Why your company needs a sales ops manager
In larger organizations, sales has become more operational and less dependent on individual representatives. With the ability to find anyone’s contact information on the public domain, rolodexes have become obsolete. With email, messaging apps and social media, relationships can be established without folks ever actually meeting each other.
Furthermore, buyers are more educated about the product and services you sell, which pressures companies to develop truly innovative products and artfully articulate their unique value propositions. For these reasons, inside sales has flourished and that has leveled the playing field among sales-driven companies.
The advent of the Internet has dramatically shortened the sales cycle. New tools also make fulfilling select tasks faster and easier. Despite these trends, the processes within sales teams have become more complicated. To combat that, the most effective sales departments have begun operating like assembly lines with business development reps managing initial outreach, inside sales reps meeting with prospective clients, and sales operations managers optimizing the funnel.
The holistic thinker and jack-of-all-trades
The goal of every sales operations manager is to maximize the productivity of their team.
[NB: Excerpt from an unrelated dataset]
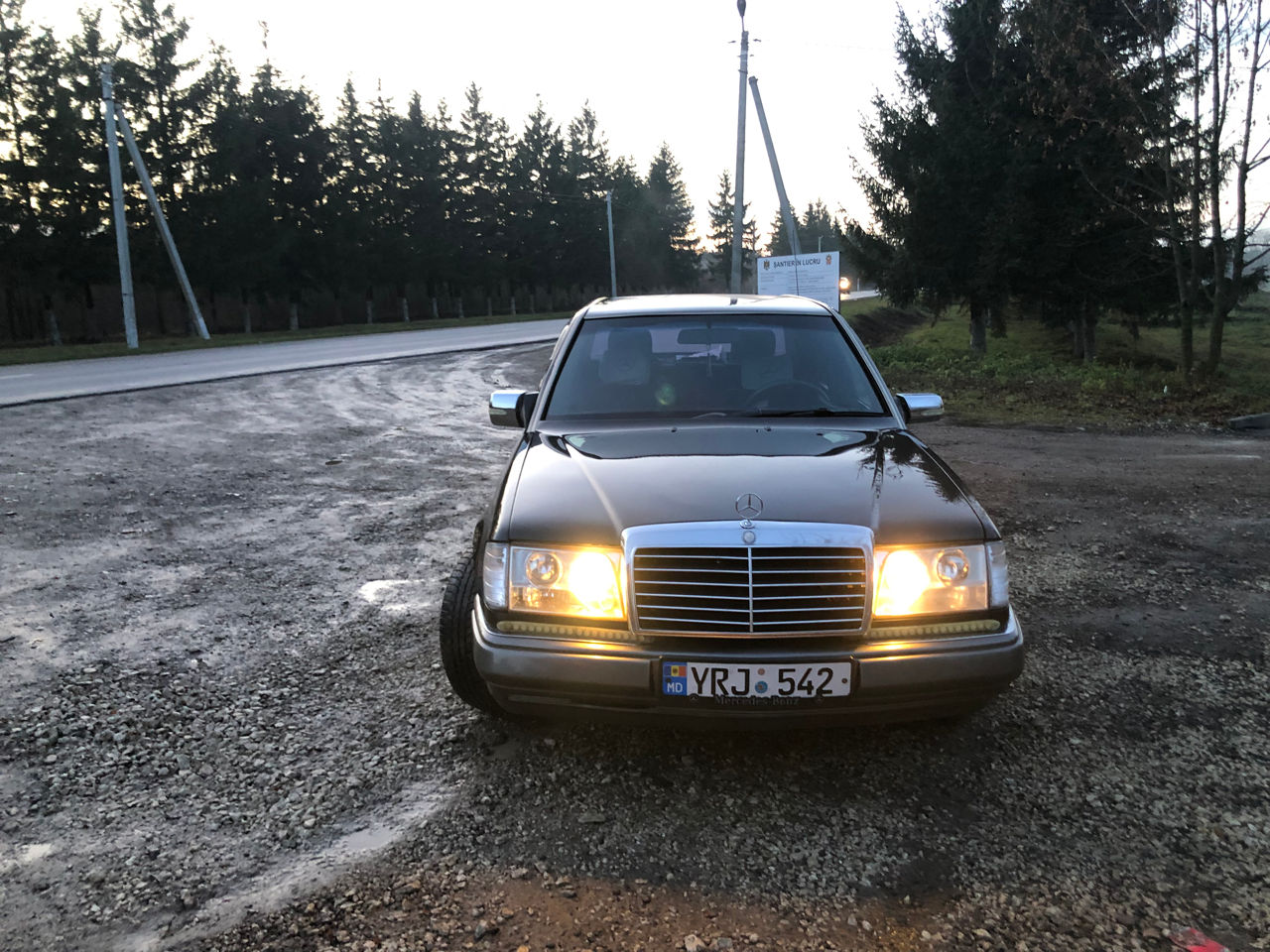 Mercedes Series (W124) foto 1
To do this, the sales operations manager becomes an expert in analytics, content creation, sales & marketing technology, and office politics.
According to sales expert Matt Heinz, sales operation managers make an impact in 8 different ways:
- Active CRM ownership and optimization. The sales operation team sets up the company’s CRM in a way that compliments how customers buy its products and in a manner that avoids creating extra work for its sales representatives.
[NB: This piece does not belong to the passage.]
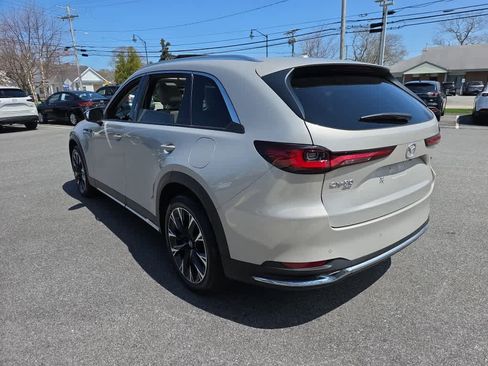 Used 2024 MAZDA CX-90 Plug-In Hybrid w/ Premium Pkg AWD/4WD image 8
- Tool integrations. A smart sales ops manager selects tools that streamline the way their team works by automating repetitive tasks.
- Better reporting & dashboards. Sales ops is accountable for developing insightful analytics that help team members identify areas for improvement and opportunities for further growth.
- Process improvement. Sales ops managers regularly review the steps required to generate leads, schedule calls and close deals, and actively seek out ways to include value-added steps and eliminate redundancies.
- Best practice collection, inventory and sharing. Sales ops records important lessons learned from both successful and failed sales experiments, converts those into actionable insights and shares that knowledge with the team.
- Vendor filter, triage and selection. Salespeople are spoiled in terms of the sheer volume of tools they can purchase to improve their performance. With an intimate understanding of how well different programs work together and the true needs of their sales team, sales ops managers intelligently choose the right solutions that will enhance overall sales efficiency.
- Comfort connecting with customers. Sales ops managers spend time interacting with current and prospective clients. By exercising their soft skills, they learn what sort of language ticks with buyers.
- Ownership of templates & collateral inventory, consistency and access. According to research by Kapost, “65% of sales reps say they can’t find content to send to prospects, representing the most common complaint cited by sales teams.” To avoid confusing and overwhelming salespeople, successful sales ops teams build shared folders that only include updated versions of client-ready documents.
Over time, sales operations managers streamline employee workflows to expand the sales pipeline, offer insights to help convert more sales and remove distractions to keep salespeople focused on selling.
Recruiting the right talent
Companies with just a handful of salespeople should consider hiring a sales operations manager. In order to identify the right candidate, minimum qualifications should include:
- Sharp analytical skills and experience building business intelligence dashboards
- An administrator certification for the CRM you use
- Comfort in dealing with complementary sales tools such as Prospect, PandaDoc and Qualtrics
- Ability to build and develop harmonious interdepartmental relations
- Strong communications and copywriting skills
A smart sales ops leader allows companies to stay lean, yet grow faster. With the help of a successful sales operations manager, businesses with fewer salespeople can still send hundreds (or thousands) of cold emails each day, schedule dozens of exploratory calls with prospective clients, and close bigger and better deals than their larger counterparts.
The changes your first sales ops hire will bring to your organization will make you wonder why you didn’t recruit that person sooner. Within weeks, you will notice a remarkable boost in sales output and productivity, a sharp reduction in process headaches and redundancies, and an uptick in company morale as your salespeople find themselves less stressed and better equipped to drive results.
If you’ve recruited an awesome sales ops team already, which new programs, processes or tools have they implemented so far? And how have those things impacted your bottom line? If you’re ready to bring on your first sales ops manager, keep the above tips in mind and let us know how things work out!